You can use either the NQE graphical user interface (GUI) or the command line interface when using NQE. The following sections provide a brief overview of these functions. (You can also submit your request by using a World Wide Web (WWW) interface; for further information, ask your system administrator.)

Before you can use the NQE commands, you must add the NQE /nqebase/bin directory (and the /nqebase/etc directory to use administrator commands) to your search path. Before you can use the man pages (which tell you about the NQE commands and command options), you must add the NQE /nqebase/man directories to your search path. For a description of how to set these variables, see “Setting Environment Variables”.

NQE Graphical User Interface

The NQE GUI is similar to a Motif interface. To access the NQE GUI, execute the nqe(1) command. Figure 2-2, shows the initial (top-level) NQE GUI button bar window that will appear. Each button (except Exit and Help) opens a window.

Figure 2-2. Initial NQE GUI Button Bar Window


You can use the NQE GUI for the following tasks:

  • Use the Submit window to do the following:

    • Open and edit a job script

    • Save changes made to a job script

    • Submit a request to NQE

    • Launch a request on a periodic basis

    • From within the Submit window, reset your configuration preferences for the request you are submitting

    • View, segment, delete, or reset your NQE GUI log

    • Set or unset your password

    • Configure and save your job-related options (job profile)

  • Use the Status window to do the following:

    • View updated status of your requests (the window is refreshed periodically)

    • View updated status of your FTA file transfers (the window is refreshed periodically)

    • Delete a request

    • Send signal to a request

    • View the detailed status of a request

    • Set or unset your password

    Context-sensitive help is displayed as you glide your mouse pointer over a menu or field name in the Status window; a brief description of the menu or field appears at the bottom of the display.

  • Use the Load window to do the following:

    • Display continually updated system load information for machines in the NQE cluster, organized by host or by type of data

    • Display data about a specific host

    • Display formulae used to calculate each chart

    • Create, configure, add, and remove a chart

  • Use the Config window to do the following:

    • Set your preferences for the following: default job profile; temporary directory; job script; job output; and NQE GUI log directories.

    • View the current settings for your preferences

  • To display the current NQE version number and copyright information in the Submit, Status, and Config windows, use the left mouse button and click once on the Cray Research logo button.

  • To access online help, use the left mouse button and click once on the Help button. For detailed information about using the NQE GUI and descriptions of menu options, select the Help button or see the NQE User's Guide, publication SG-2148. To access the manual online, see “Online Documentation” in Chapter 3. For a summary of the NQE GUI displays and functions, see the nqe(1) man page.

  • To exit the NQE GUI, use the left mouse button and click once on the Exit button.

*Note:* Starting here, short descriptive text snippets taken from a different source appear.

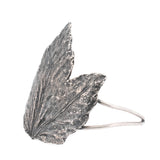 sterling silver maple leaf cuff bracelet
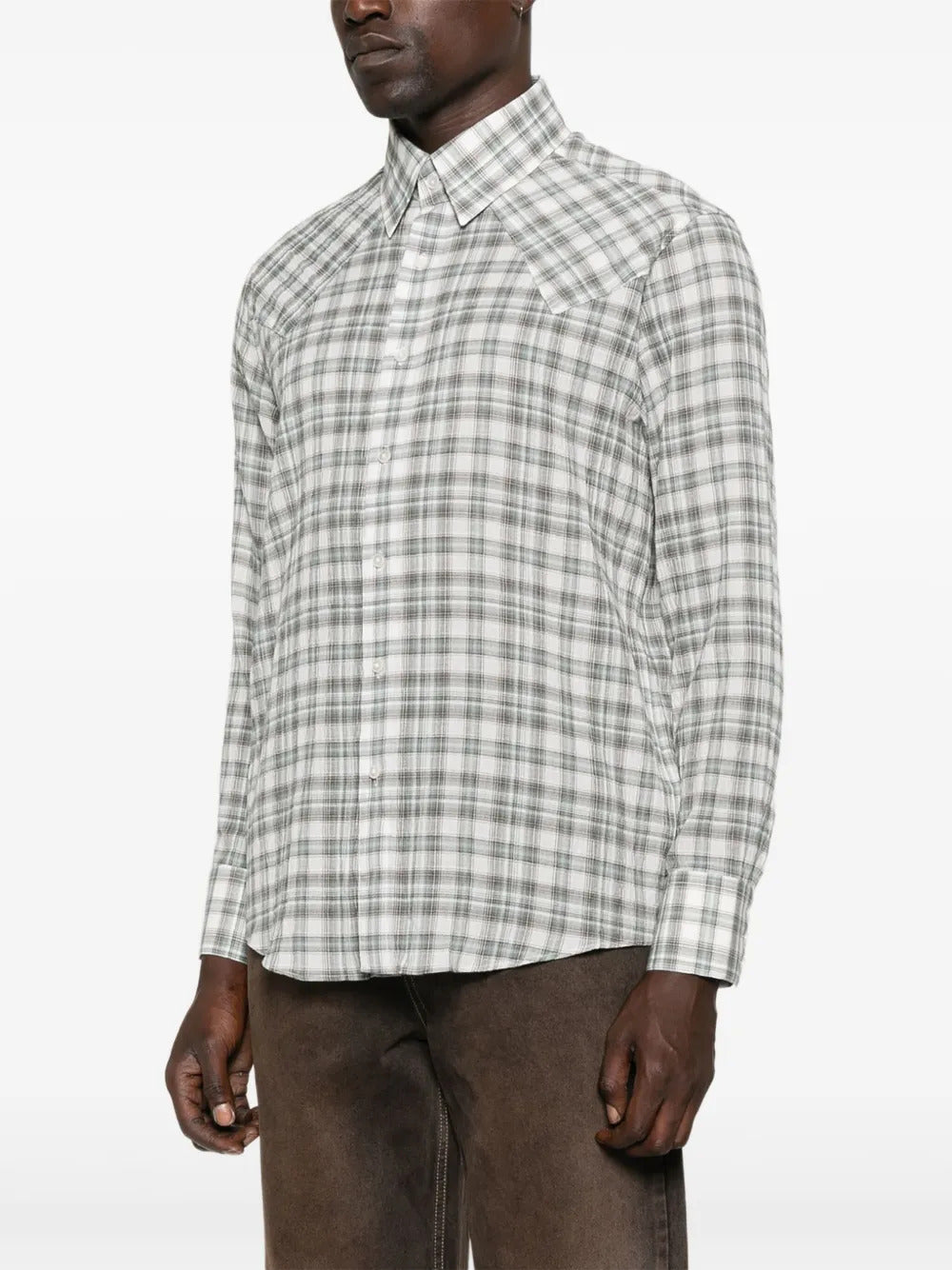 Carter Young plaid button-up shirt - Image 3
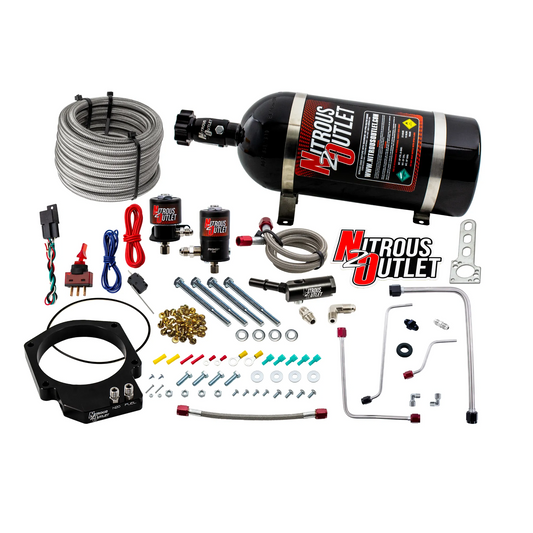 Nitrous Outlet GM LT4 2016-2019 CTS-V3 103mm Throttle Body Plate System - Gas/E85 (5-55 psi)(50-200hp)(10LB Bottle)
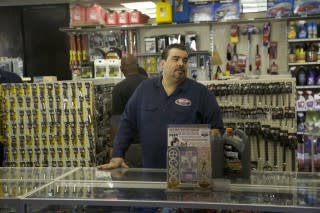 Joe Ferrer, owner of BS&F Auto Parts in the Bronx, New York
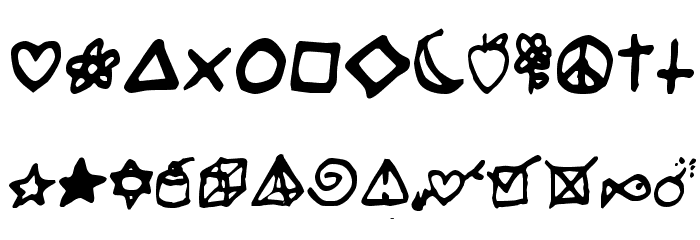 Salade De Fruits Cerise Font LOWERCASE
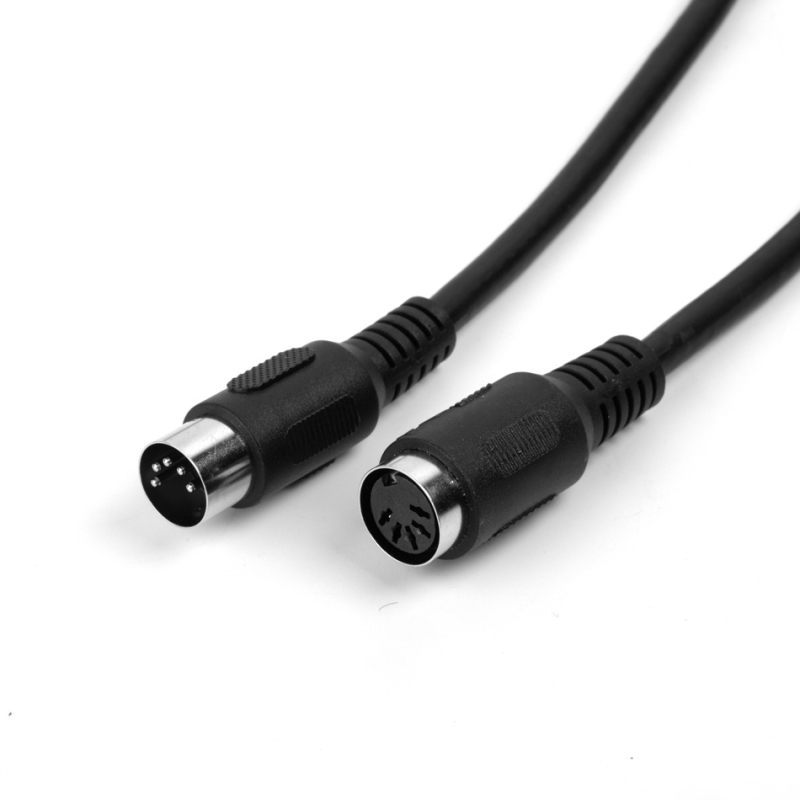 Cablu MIDI DIN-5 pentru tastatură electronică, înveliș nichelat, miez din cupru, conductor fără oxigen, ROHS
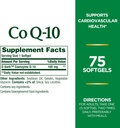 Nature's Bounty CoQ10, tukee sydämen terveyttä, ravintolisä, 100mg, 75 Softgels (paketti 2)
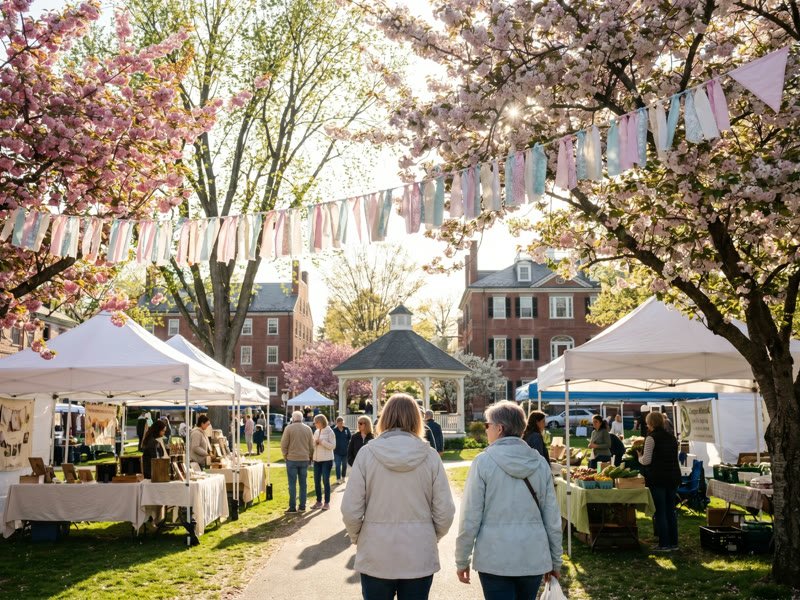 Spring fairs and festivals in Massachusetts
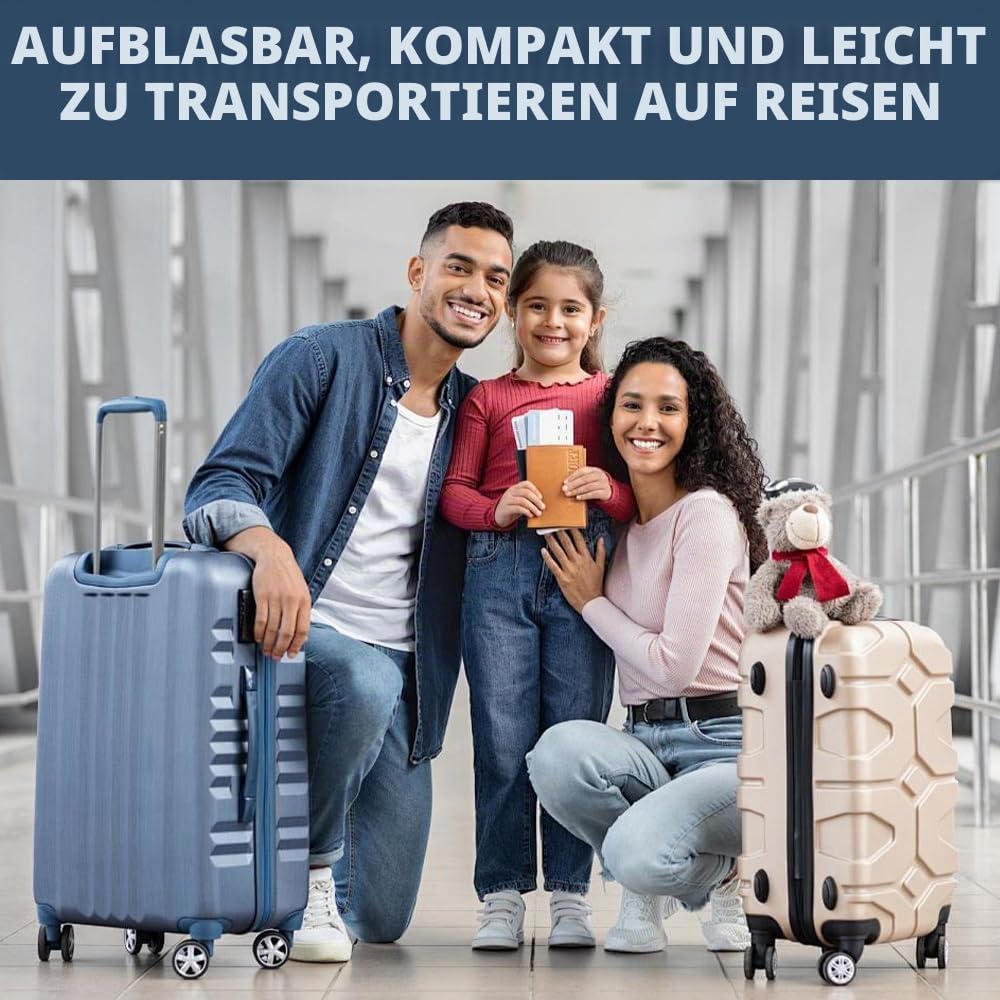 Bandscheibenwürfel Aufblasbar, Stufenlagerungswürfel, Entspannungswürfel, Höhenverstellbar, Aufblasbare Fußstütze Kissen für Reisen Auto, Zuhause und Büro, Zum Schlafen auf Langen Flügen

When the mouse pointer is within a display area of a specific NQE GUI window, you can use the ALT key and the underscored letter from the menu bar to pop up submenus and to select more submenu options. An alternative way to do this is to use the F10 key to activate the menu bar and then use the cursor movement keys to select submenus and options.

Command Line Interface

NQE provides a command line interface for user functions. Each command is documented on a man page (man pages are provided in online form only). See the NQE User's Guide, publication SG-2148, for more information on the user commands.

You can issue the following commands from any NQE node because all NQE nodes contain the NQE client software:

Command

Description

cevent

Posts, reads, and deletes job-dependency event information.

cqdel

Signals a request that is either running or queued.

cqstatl

Displays the status of NQE work through a line-mode, static display.

cqsub

Submits a script file to NQE for execution.

ilb

Executes a command on a machine chosen by the Network Load Balancer (NLB).

You can issue the following commands only at an NQE node that has installed the NQE components; if you issue them from an NQE client, they have no effect. The following commands are not installed on NQE clients; they do not recognize the NQS_SERVER environment variable:

Command

Description

ftua

Transfers a file interactively.

qalter

Alters the attributes of one or more NQS requests.

qchkpnt

Checkpoints an NQS request; this command is not available on all systems running NQE.

qdel

Deletes or signals an NQS request.

qlimit

Displays NQS batch limits for the local host; this command also displays the qsub command options that are used to specify each resource at the time of submission.

qmsg

Writes messages to stderr, stdout, or the job log file of an NQS batch request.

qping

Determines whether the local NQS daemon is running and responding to requests.

qstat

Displays the status of NQS queues, requests, and queue complexes.

qsub

Submits a batch request to NQS.

rft

Transfers a file in a batch request.

Creating and Submitting a Batch Request

A batch request is a series of commands, usually contained in a job script file that you create using a text editor (such as vi). A job script can be as simple as one command, such as the following example:

ls    # list files

or
who   # list users

Usually, however, it contains several commands and can include directions to NQS, file transfer requests, and even your programs.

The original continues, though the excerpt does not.